With big-name customers and virtually unlimited resources for innovation, it’s no surprise these vendors get the first look when enterprises begin to consider cloud solutions. But smaller vendors play an important role in the cloud market. In fact, depending on your organization’s priorities, a smaller cloud vendor may provide the ideal combination of flexibility and support you need as part of your multi-cloud environment.

You may not know them by name - and they currently make up just 16 percent of the public cloud market - but smaller companies are primed to unleash the next big cloud innovation. Your enterprise won’t want to miss out when they do. Here’s how IT decision makers can push through the noise of the Big Three cloud players and consider the offerings that matter most to their organizations when it comes to the cloud.

Hybrid cloud
– Thinkstock / Fishbones

Your priority: competitive pricing

Virtually every company that begins using one of the Big Three cloud solutions is impressed by their solution’s ease of use - but then quickly horrified by the mounting costs. While initial fees seem reasonable, the service structure is always complicated, and those nickels and dimes can add up to significant cost overruns.

Meanwhile, smaller cloud providers often have innovative pricing for services and configurations, and aren't necessarily burdened by supporting a giant à la carte menu designed to meet the needs of every possible client. Because they are niche providers, smaller clouds can be more transparent about costs. Their offerings often include important services as a default, instead of forcing users to order, provision, pay and configure them - as is the case when working with a larger provider.

Your priority: better services

If your company assumes that more name recognition means more reliable services, it’s time to put that notion to rest. At this stage of the game, even smaller cloud companies have faced their fair share of consolidation. If they’ve survived this far, they’ve proven their mettle as a reliable provider - and a strong contender for your multi-cloud environment.

When selecting multiple clouds, it’s wise to investigate a blend of two or three providers that best fit your needs. This helps avoid putting all your eggs in one basket from a security and connectivity standpoint, while still sidestepping data silos and easing the establishment of processes.

While the Big Three may tout their services, they may not be the best fit for your company. For example, second-tier providers like Oracle boast excellent database services with built-in resilience. So, if your company uses a lot of applications built in Oracle, it makes the most sense to consider smaller cloud vendors that specialize in Oracle-based apps or tout an Oracle support program. That’s not something the Big Three can offer you.

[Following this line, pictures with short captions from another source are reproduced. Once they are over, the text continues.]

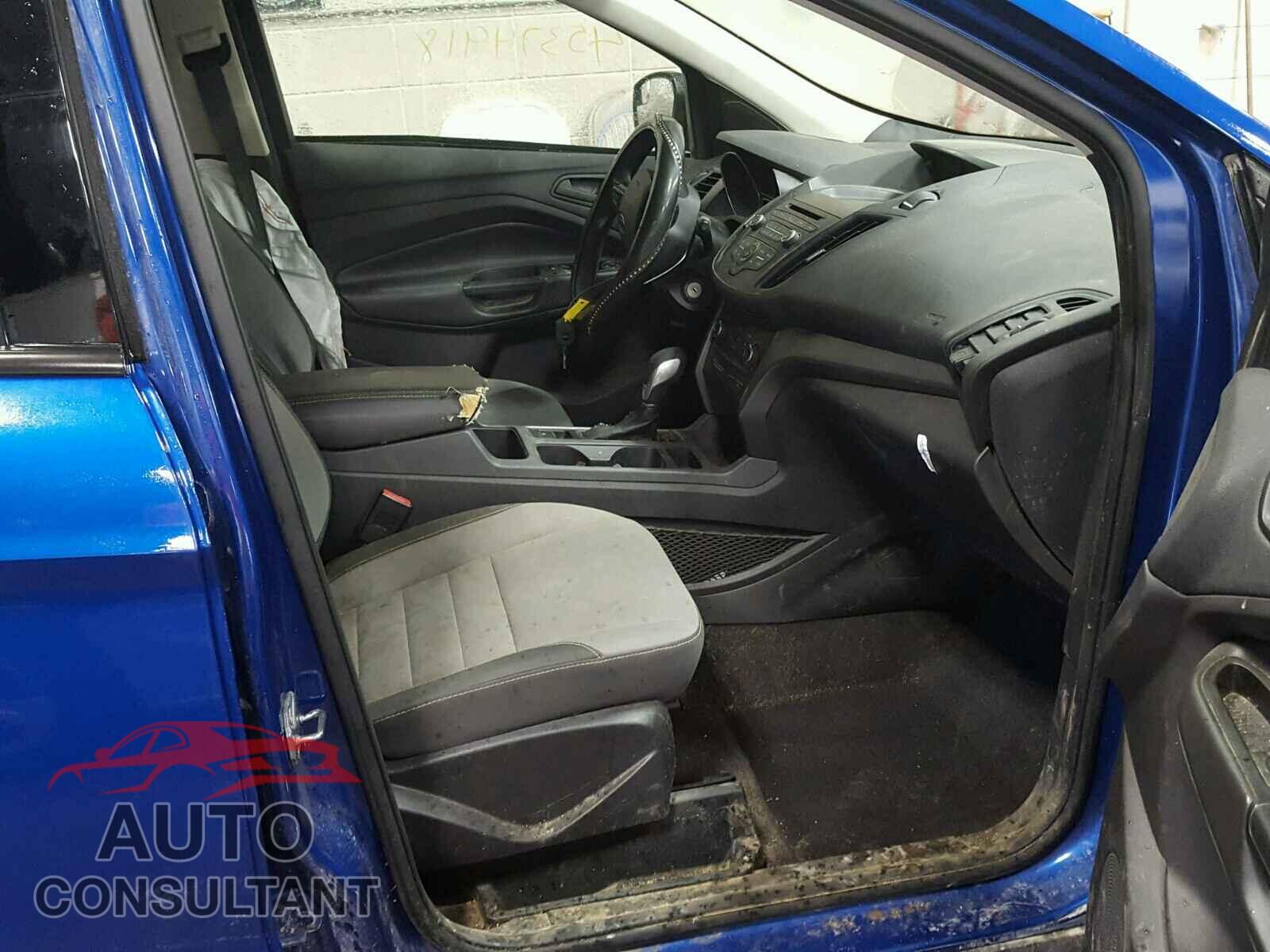 FORD ESCAPE S 2017 - 1FMCU0F7XHUF08286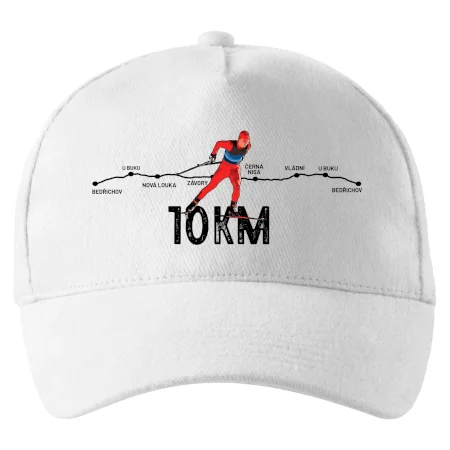 10km po Jizerkách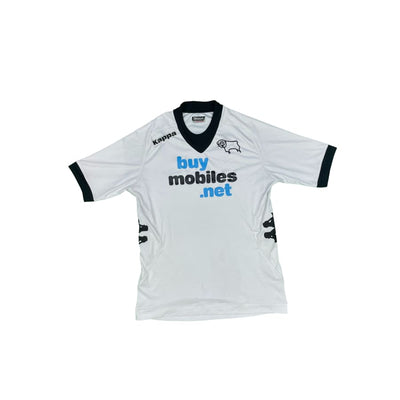Maillot football vintage Derby Coutny domicile saison 2013-2014 - Kappa - Derby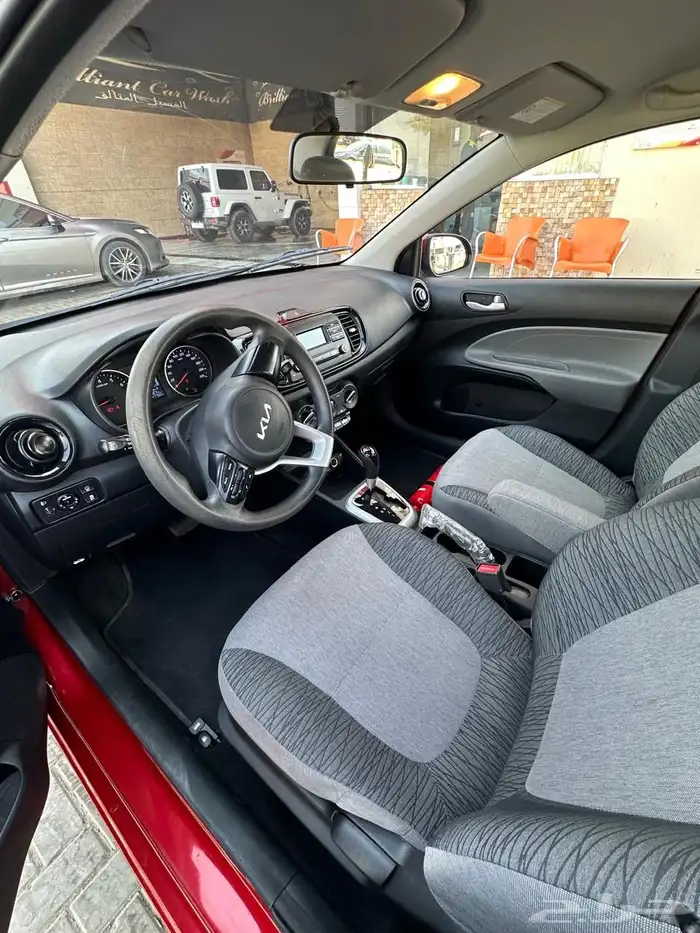 كيا بيجاس 2023 8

Your priority: engaged support

This category should be an obvious benefit of second-tier cloud providers - with fewer customers on their plates, they’re better able to meet (and exceed) your expectations. If something goes wrong with your cloud solution while working with a Big Three vendor, you’ll find yourself writing tech support tickets and interfacing with customer service through a faceless portal. But the closer, more intimate relationship you’ll develop with a smaller vendor means prompt, focused service from a vendor that truly cares about your success.

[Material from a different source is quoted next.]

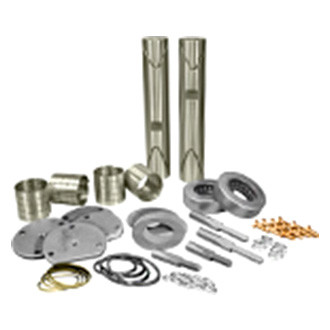 Kaiser® - Qwik Kit™ Steering Knuckle King Pin Kit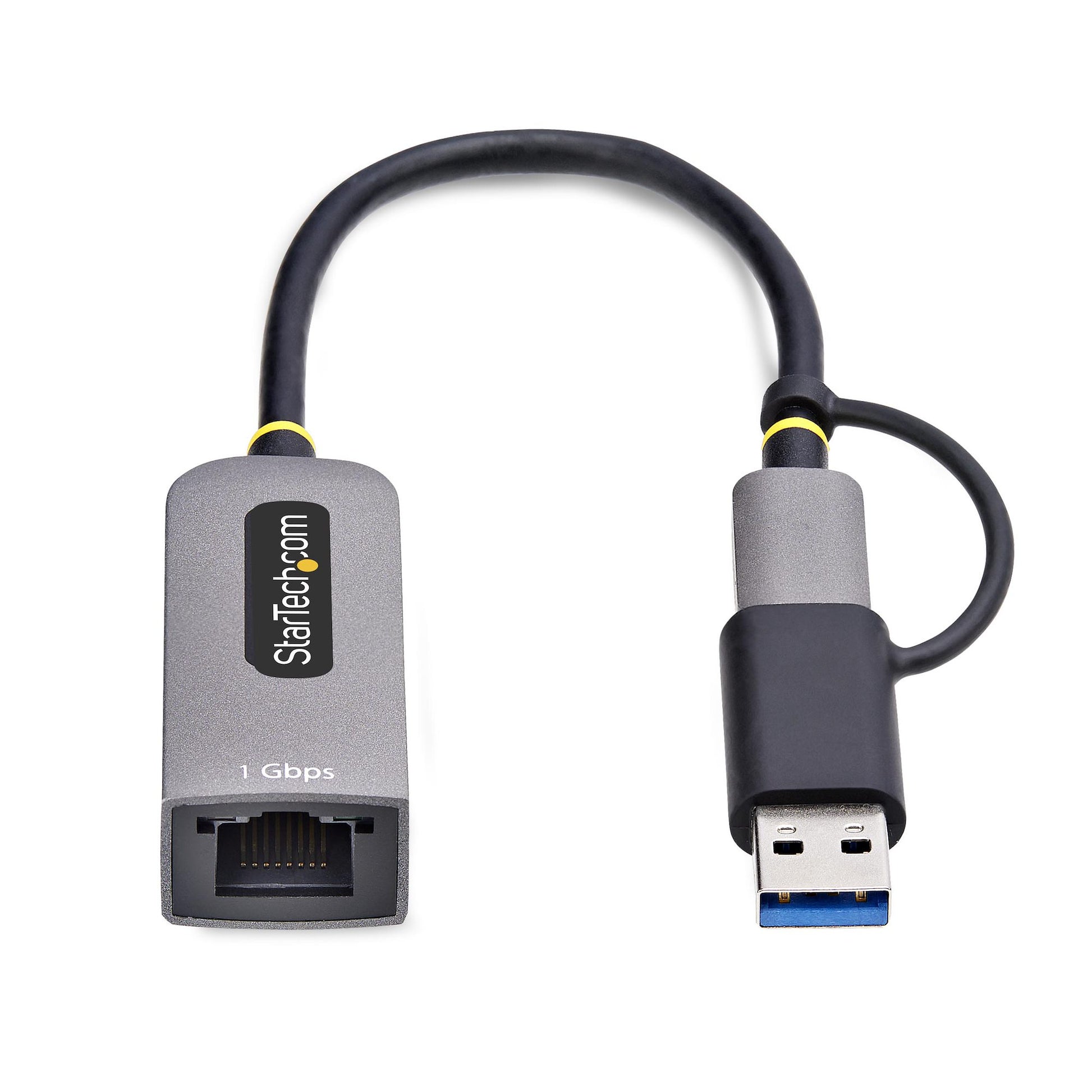 StarTech.com C21GA-USB-ETHERNET network card 5000 Mbit/s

The personal support relationship you’ll enjoy with a second-tier vendor means you’ll likely be among the first to hear about new offerings, product launches and pilot cases. And they won’t just be random offerings. As a valued part of their business, cloud providers may even develop new solutions with your specific needs in mind because they understand your pain points and want to proactively solve them.

There’s a lot up in the air when it comes to cloud providers right now, thanks to rapidly evolving technology and a rush for market share. But as second-tier providers establish themselves as experts in a niche area of cloud computing, the best will rise to the top - and you’ll be right there with them as a valued client who believes in their work.